L’Australie s’apprête à adopter un durcissement majeur de sa législation sur les armes à feu, en réaction à la fusillade de Bondi Beach qui a fait 15 morts en décembre, la plus meurtrière qu’ait connue le pays depuis plusieurs décennies.

La Chambre des représentants a adopté mardi un projet de loi prévoyant un programme national de rachat d’armes à feu ainsi qu’un renforcement des contrôles d’antécédents pour l’octroi des permis. Le texte, soutenu par le gouvernement travailliste du Premier ministre Anthony Albanese, a été approuvé par 96 voix contre 45, malgré l’opposition des conservateurs, et doit encore être examiné par le Sénat, où son adoption est attendue avec l’appui des Verts.

Présentant la réforme, le ministre de l’Intérieur Tony Burke a déclaré que l’attaque du 14 décembre à Bondi Beach avait été menée par des personnes animées par « la haine dans le cœur et des armes à la main », soulignant la nécessité d’une réponse gouvernementale globale.

Le programme de rachat envisagé serait le plus important depuis celui mis en place après le massacre de Port Arthur en 1996, qui avait profondément marqué le pays et conduit à une refonte historique des lois sur les armes. Le projet prévoit également des vérifications d’antécédents plus strictes pour les permis délivrés par les États, en s’appuyant notamment sur les informations des services de renseignement.

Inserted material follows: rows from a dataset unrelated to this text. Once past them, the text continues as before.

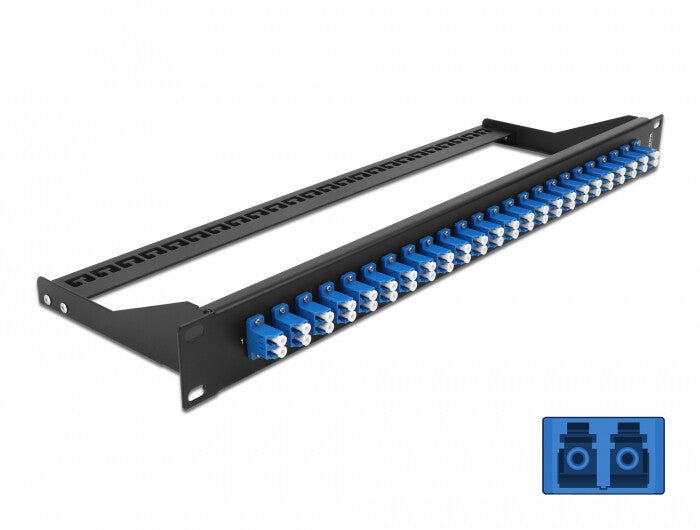 DeLOCK 43386 patch panel 1U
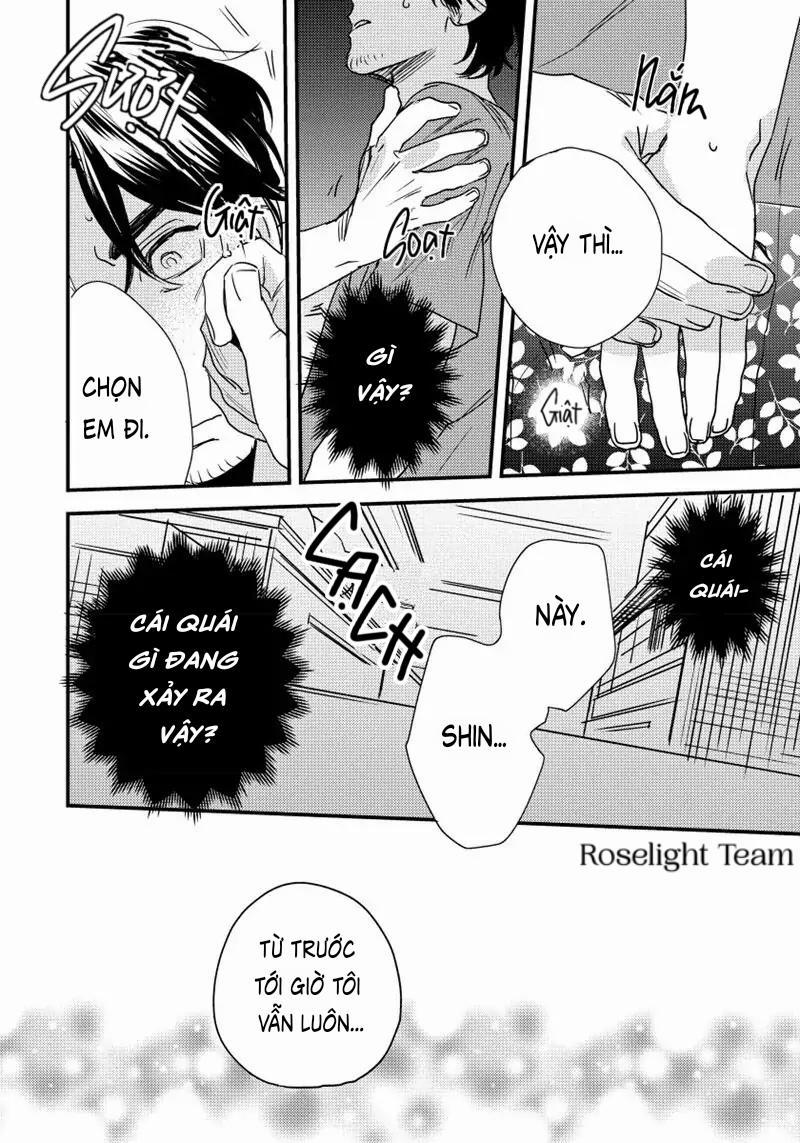 Chàng Cảnh Sát Xinh Đẹp Của Của Tôi 1 trang 22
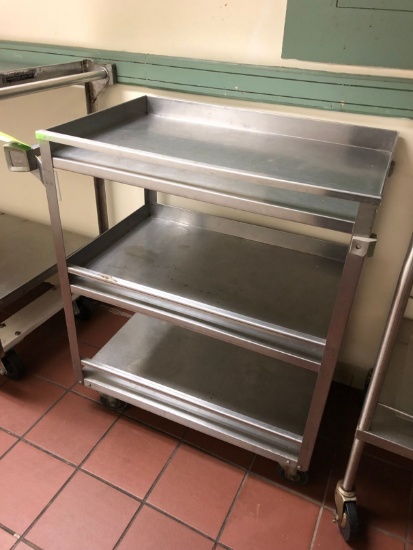 Lakeside SS Cart w/ Casters
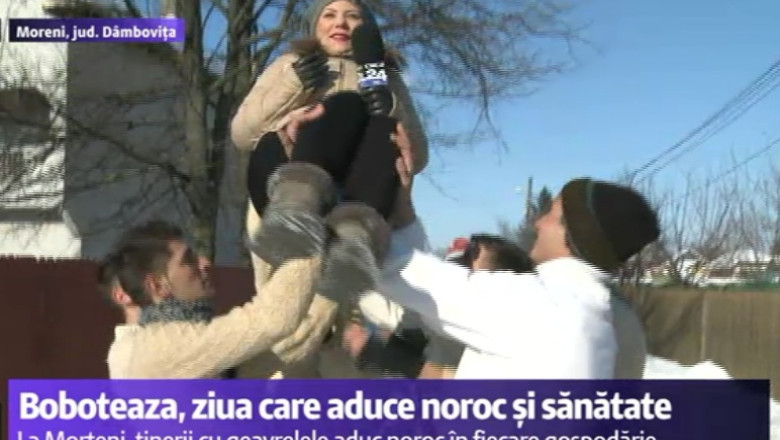 Ziua care aduce noroc si sanatate. Cum a fost marcata Boboteaza in Romania si in lume Imagine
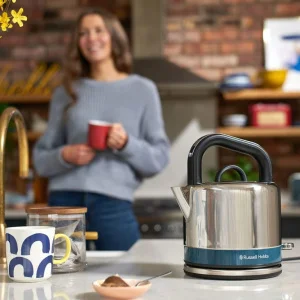 Фото электрочайник russell hobbs distinctions black 26421-70
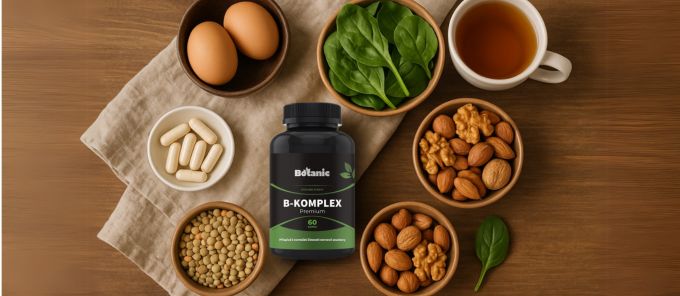 Nedostatek vitamínu B: Příznaky, doplnění i rizika předávkování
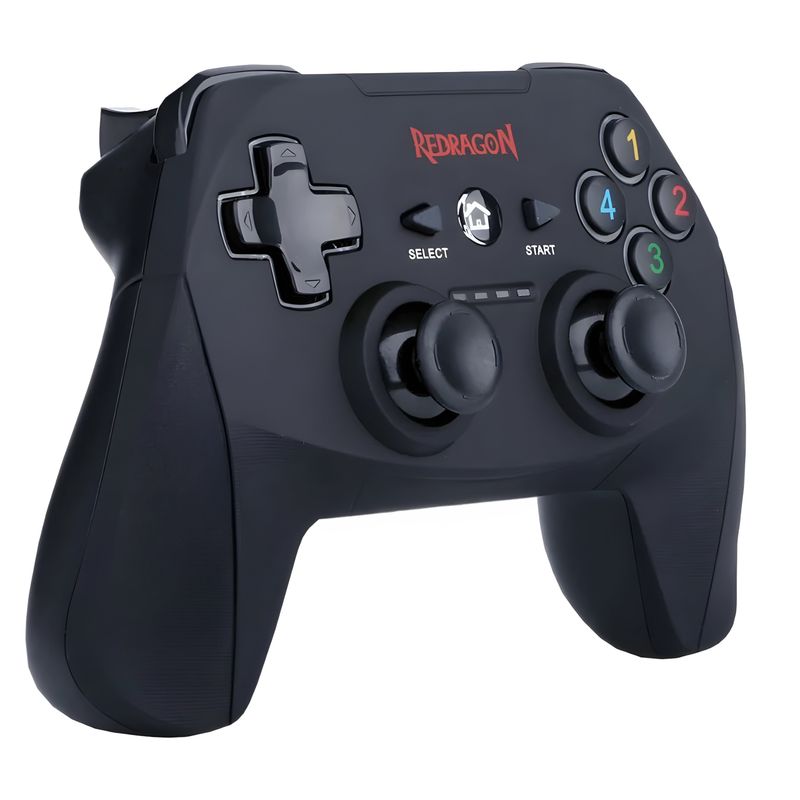 REDRAGON - Joystick Gamepad Inalambrico 2.4 Ghz Redragon Harrow G808 - Negro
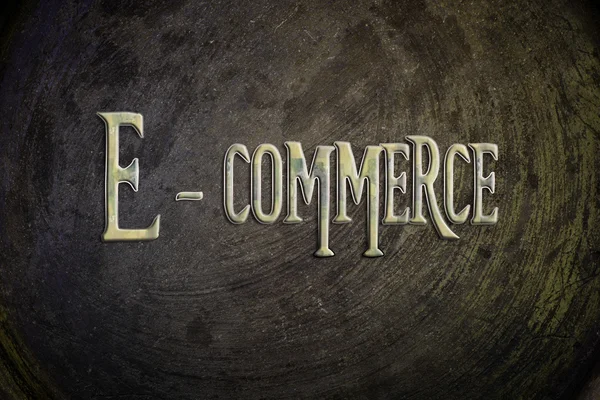 E-commerce Concept — Stock Photo, Image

Selon le gouvernement, l’Australie comptait l’an dernier un nombre record de 4,1 millions d’armes à feu enregistrées, dont plus de 1,1 million dans l’État de Nouvelle-Galles du Sud, où s’est produite la tuerie. Cet État a déjà adopté des règles plus strictes, limitant le nombre d’armes par personne et raccourcissant la durée de validité des permis.

L’opposition conservatrice libérale-nationale a dénoncé un texte qu’elle juge pénalisant pour les propriétaires légaux d’armes, affirmant que le gouvernement ne s’attaquait pas suffisamment aux causes idéologiques de la violence. Le Parlement débat parallèlement d’un autre projet de loi controversé visant à durcir les sanctions contre les discours haineux, relancé dans le sillage de l’attaque de Bondi.

Pour le gouvernement, la multiplication des armes en circulation constitue désormais un risque majeur pour la sécurité publique, et les événements de Bondi ont rendu, selon ses responsables, une réforme inévitable.